1. Get Clear on What Your Team Actually Needs
Before you get dazzled by feature lists, step back. What’s really broken or slow about your current sales process? Be ruthless:
- Are sales reps wasting time hunting for the right files?
- Is content outdated or scattered in a jungle of folders?
- Are you missing insights on what prospects actually look at?
- Does your team need offline access, or just web?
Write down your top 3-5 pain points. If you’re not fixing those, no fancy platform will help.
Pro tip: Talk to the actual end users, not just managers. The disconnect between what leaders think is needed and what reps actually use is real.
2. Make a Shortlist: Who Are the Real Contenders?
There are dozens of B2B sales enablement platforms out there. Most sound the same on the surface. Along with Showell, the usual suspects are:
- Seismic
- Highspot
- DocSend
- Salesloft
- Mindtickle
- Enablement tools built into your CRM (like Salesforce Sales Enablement)
Check which ones fit your company size and budget. Some tools (like Showell) focus on small to mid-sized teams; others target enterprise and come with hefty price tags and long contracts.
Don’t bother with a platform that’s way bigger or more complex than you need—it’ll just slow you down.
3. Dig Into the Features—But Ignore the Hype
Here’s what actually matters for most B2B teams:
Must-haves
- Easy file organization and search (so reps can find what they need in seconds)
- Simple content sharing (track when someone opens a file or link)
- Permissions and version control (nobody wants the old price list floating around)
- Works on all devices (especially if you have field reps)
- Analytics (see what content gets used, and by whom)
Nice-to-haves
- Offline access (Showell does this well, but do you really need it?)
- CRM integrations (can be handy, but often a mess to set up)
- Customization for branding (more important for channel sales or external partners)
Skip the fluff
- AI-powered content suggestions—usually more promise than payoff
- “Gamification” dashboards—fun once, ignored after that
- Video recording inside the platform—you probably already have Zoom or Loom
How does Showell stack up?
Showell’s strength is its focus on simple, mobile-friendly sales content management, with strong offline support. It’s not overloaded with “enterprise” bells and whistles. If you want quick setup and intuitive navigation, that’s a plus. But if you need deep CRM workflows or heavy learning modules, Showell’s lighter.

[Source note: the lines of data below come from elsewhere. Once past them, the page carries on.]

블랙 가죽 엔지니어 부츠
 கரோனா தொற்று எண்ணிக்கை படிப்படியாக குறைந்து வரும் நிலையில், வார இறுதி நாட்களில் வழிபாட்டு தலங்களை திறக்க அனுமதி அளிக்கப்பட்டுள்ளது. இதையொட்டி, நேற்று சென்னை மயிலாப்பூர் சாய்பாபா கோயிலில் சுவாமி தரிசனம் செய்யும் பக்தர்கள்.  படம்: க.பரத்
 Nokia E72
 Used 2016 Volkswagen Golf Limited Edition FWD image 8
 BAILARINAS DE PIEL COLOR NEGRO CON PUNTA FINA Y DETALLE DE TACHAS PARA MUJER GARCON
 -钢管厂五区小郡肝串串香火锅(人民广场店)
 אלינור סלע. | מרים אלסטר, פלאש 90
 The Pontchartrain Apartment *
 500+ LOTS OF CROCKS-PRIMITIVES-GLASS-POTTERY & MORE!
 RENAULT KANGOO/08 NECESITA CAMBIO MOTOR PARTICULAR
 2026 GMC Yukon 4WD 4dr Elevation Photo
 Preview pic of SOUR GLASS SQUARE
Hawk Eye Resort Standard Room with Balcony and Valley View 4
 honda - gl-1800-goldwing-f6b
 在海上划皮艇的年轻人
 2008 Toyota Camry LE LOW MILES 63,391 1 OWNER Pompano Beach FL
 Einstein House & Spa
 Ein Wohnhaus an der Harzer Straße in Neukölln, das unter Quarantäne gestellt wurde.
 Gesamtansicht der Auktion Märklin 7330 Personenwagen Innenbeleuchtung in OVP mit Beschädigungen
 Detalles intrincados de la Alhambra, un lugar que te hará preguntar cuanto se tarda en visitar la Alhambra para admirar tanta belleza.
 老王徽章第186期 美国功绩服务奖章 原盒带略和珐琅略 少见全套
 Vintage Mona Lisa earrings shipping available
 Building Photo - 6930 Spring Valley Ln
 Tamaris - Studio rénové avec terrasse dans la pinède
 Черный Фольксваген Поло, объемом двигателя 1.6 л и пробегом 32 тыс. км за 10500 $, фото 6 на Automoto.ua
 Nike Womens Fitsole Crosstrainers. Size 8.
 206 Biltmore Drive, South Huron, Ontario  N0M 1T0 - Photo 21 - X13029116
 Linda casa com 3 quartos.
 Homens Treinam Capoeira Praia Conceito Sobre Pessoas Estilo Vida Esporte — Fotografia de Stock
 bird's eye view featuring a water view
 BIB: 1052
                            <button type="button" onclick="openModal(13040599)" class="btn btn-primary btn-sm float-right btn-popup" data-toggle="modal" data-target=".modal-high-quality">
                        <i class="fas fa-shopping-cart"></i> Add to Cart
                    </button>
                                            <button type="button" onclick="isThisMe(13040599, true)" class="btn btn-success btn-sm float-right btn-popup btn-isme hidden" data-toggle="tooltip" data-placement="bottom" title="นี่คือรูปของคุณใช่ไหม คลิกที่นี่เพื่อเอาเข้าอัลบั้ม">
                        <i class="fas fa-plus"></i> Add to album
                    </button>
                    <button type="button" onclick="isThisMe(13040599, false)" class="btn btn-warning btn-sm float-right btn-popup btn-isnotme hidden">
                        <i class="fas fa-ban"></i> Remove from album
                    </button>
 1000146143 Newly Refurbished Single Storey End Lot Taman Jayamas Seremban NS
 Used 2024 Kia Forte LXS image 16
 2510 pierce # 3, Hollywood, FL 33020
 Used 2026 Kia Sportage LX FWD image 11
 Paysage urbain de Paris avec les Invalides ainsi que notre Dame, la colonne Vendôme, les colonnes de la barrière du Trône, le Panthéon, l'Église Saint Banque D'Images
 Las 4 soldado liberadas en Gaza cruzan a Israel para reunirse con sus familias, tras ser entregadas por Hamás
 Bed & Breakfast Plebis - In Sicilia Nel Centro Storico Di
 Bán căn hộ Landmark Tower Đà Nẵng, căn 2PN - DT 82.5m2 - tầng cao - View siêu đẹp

4. Test the User Experience Yourself
Don’t buy based on demos or sales calls—get a real trial. Run through the tasks your team does daily:
- Can you upload, organize, and share files without a manual?
- How many clicks does it take to find and send a deck?
- Does it work on your phone/tablet, and is it actually usable there?
- What happens when you send a link—do you get notified when it’s opened?
- Try breaking it. What happens when you upload a weird file type, or share a huge file?
Pro tip: Invite a couple of skeptical sales reps to try it. If they grumble less than usual, that’s a good sign.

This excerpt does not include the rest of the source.